◆ What to produce
Reproduce the lines below verbatim. Pictures are to be omitted.

[Stored entries]
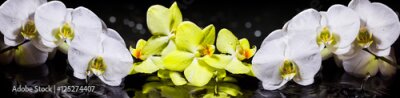 Papier peint  Orchidées blanches et jaunes avec des gouttes d'eau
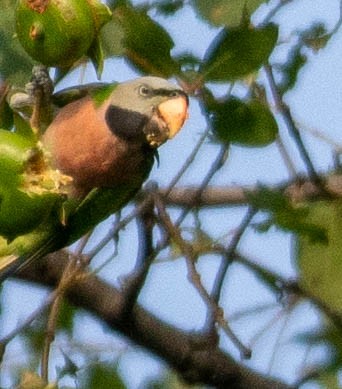 Red-breasted Parakeet - ML642829494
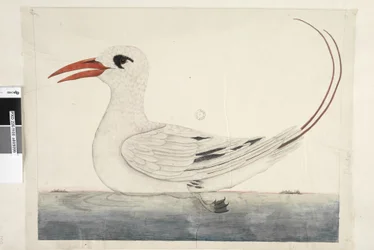 Sivu 100. Phaeton Red, Tailed Tropicbird Phaethon rubricauda, 1791-92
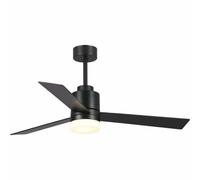 Ventilateur de plafond avec lampe Blaupunkt BP2012 65 W noir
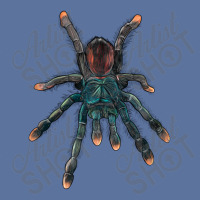 Pink Toe Tarantula Lightweight Hoodie | Artistshot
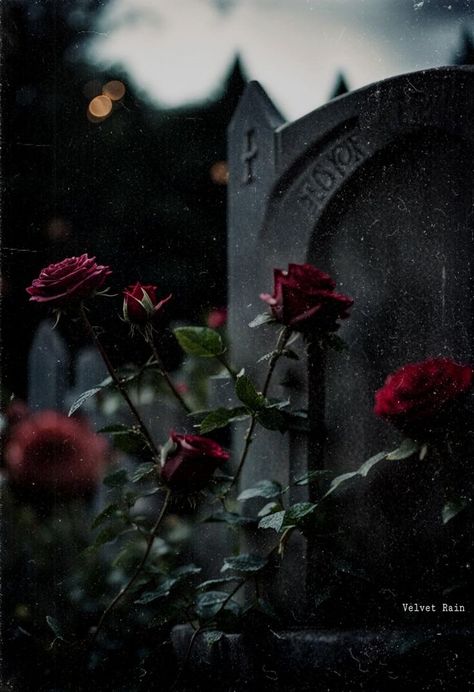 Goth Flowers Aesthetic, Flowers On Grave, Grey And Red Aesthetic, Dark Garden Aesthetic, Romantic Goth Wallpaper, Tomb Aesthetic, Adrien Aesthetic, Dark Rose Aesthetic, Withering Rose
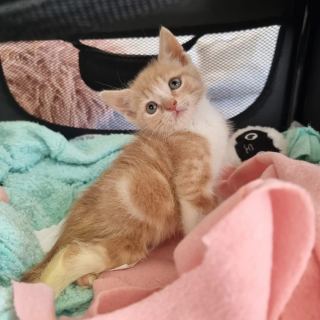 Illustration de l'article : « Volontaire » et « déterminé », 2 qualificatifs qui siéent parfaitement à ce chaton dont l'arrière-train est paralysé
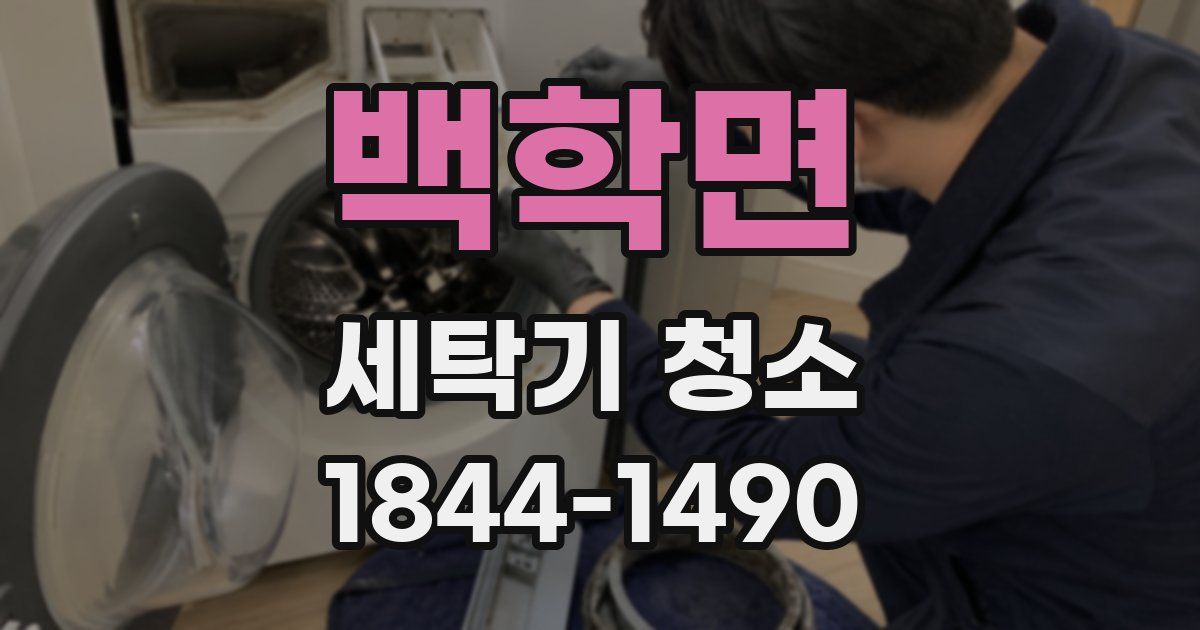 백학면 세탁기 청소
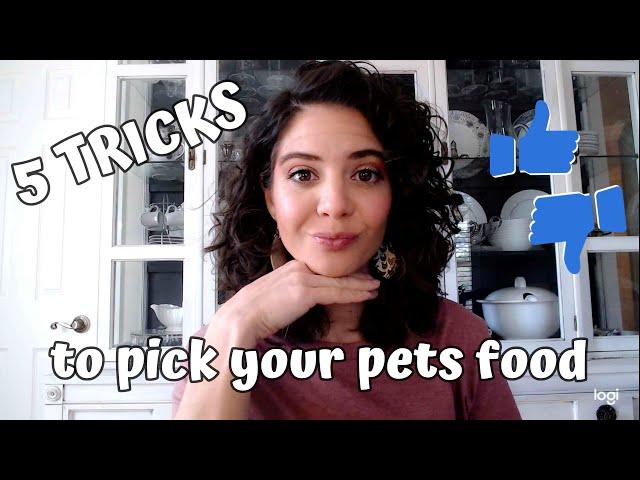 Beginner’s guide for picking the best dog food. 5 easy tips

◆ Written response
 Papier peint  Orchidées blanches et jaunes avec des gouttes d'eau
 Red-breasted Parakeet - ML642829494
 Sivu 100. Phaeton Red, Tailed Tropicbird Phaethon rubricauda, 1791-92
 Ventilateur de plafond avec lampe Blaupunkt BP2012 65 W noir
 Pink Toe Tarantula Lightweight Hoodie | Artistshot
 Goth Flowers Aesthetic, Flowers On Grave, Grey And Red Aesthetic, Dark Garden Aesthetic, Romantic Goth Wallpaper, Tomb Aesthetic, Adrien Aesthetic, Dark Rose Aesthetic, Withering Rose
 Illustration de l'article : « Volontaire » et « déterminé », 2 qualificatifs qui siéent parfaitement à ce chaton dont l'arrière-train est paralysé
 백학면 세탁기 청소
 Beginner’s guide for picking the best dog food. 5 easy tips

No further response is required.